Making Sense of the Supreme Court’s Mifepristone Ruling

A recent shadow docket decision suggests that the court isn’t hungry for further legal restrictions on abortion. But there are two familiar holdouts.

Next month marks the four-year anniversary of Dobbs v. Jackson Women’s Health Organization, the landmark decision where the Supreme Court overturned Roe v. Wade and eliminated the constitutional right to obtain an abortion. Many Americans wondered at the time whether the court would stop there, or whether it would go further in future cases to eradicate the practice nationwide.

For now, the answer appears to be the former. On Thursday, the Supreme Court lifted a lower-court stay that had blocked nationwide distribution by mail of mifepristone, the most widely used abortion drug, pending further litigation. In doing so, the court’s conservative majority may have signaled that it would take no active part in further restricting abortion access throughout the nation.

Thirteen states currently ban abortion at any point in a pregnancy, according to the Guttmacher Institute, while an additional seven states ban it at some point before the first 18 weeks of gestation. One of those twenty states is Louisiana, which has been among the most aggressive in the Union towards outlawing abortion.
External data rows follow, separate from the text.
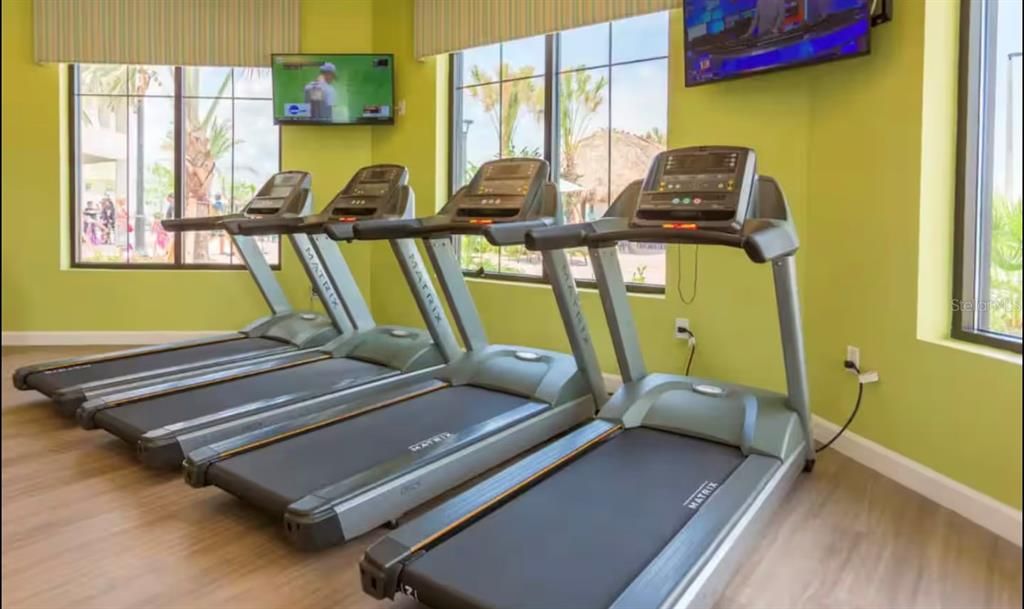 待售: $550,000 (4 贝兹, 3 浴室, 1914 平方英尺)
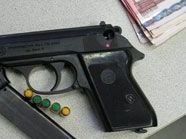 Die Tatwaffe - eine Gaspistole und ein Teil der Beute Die Tatwaffe - eine Gaspistole und ein Teil der Beute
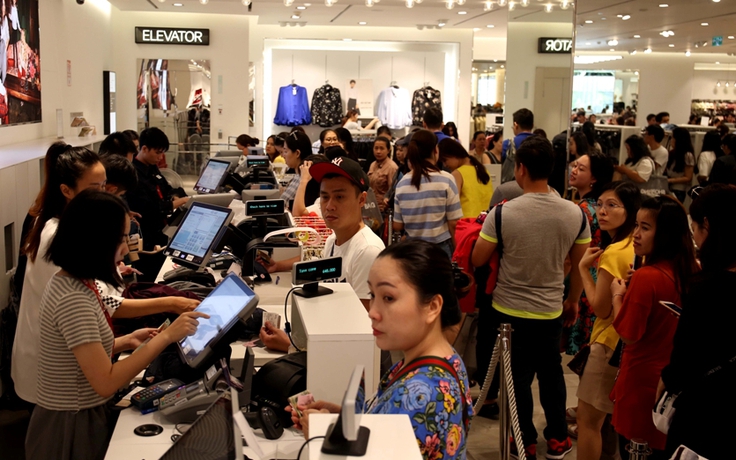 Chen lấn mua hàng ngày Black Friday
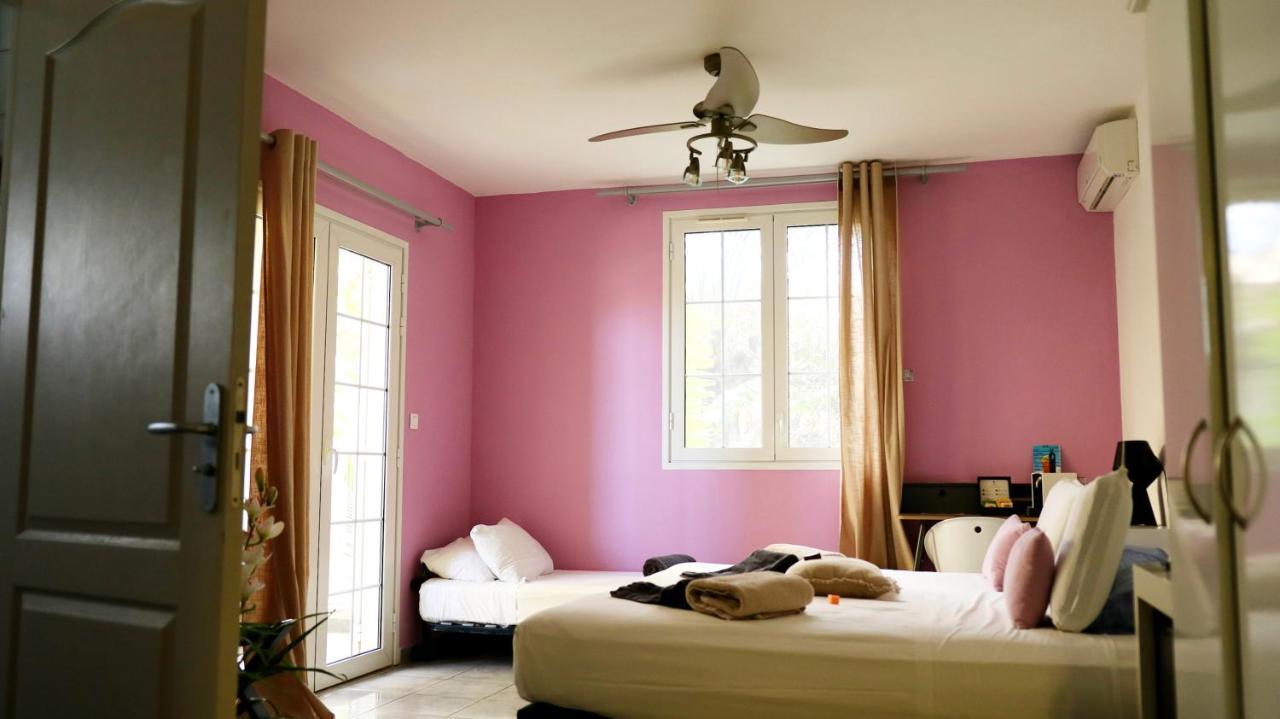 Lindsey Hotel Saint Pierre Bagian luar foto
It is a felony offense to provide abortion drugs to someone in Louisiana.

Until recently, patients who sought mifepristone had to obtain it in person from a pharmacy after getting a prescription. The Food and Drug Administration changed the regulatory requirements in 2023—after Dobbs, it should be noted—to allow the drug to be distributed by mail instead. The Trump administration has also opened a formal review of mifepristone regulations in general, though it is not clear when it will conclude or what changes (if any) it will seek.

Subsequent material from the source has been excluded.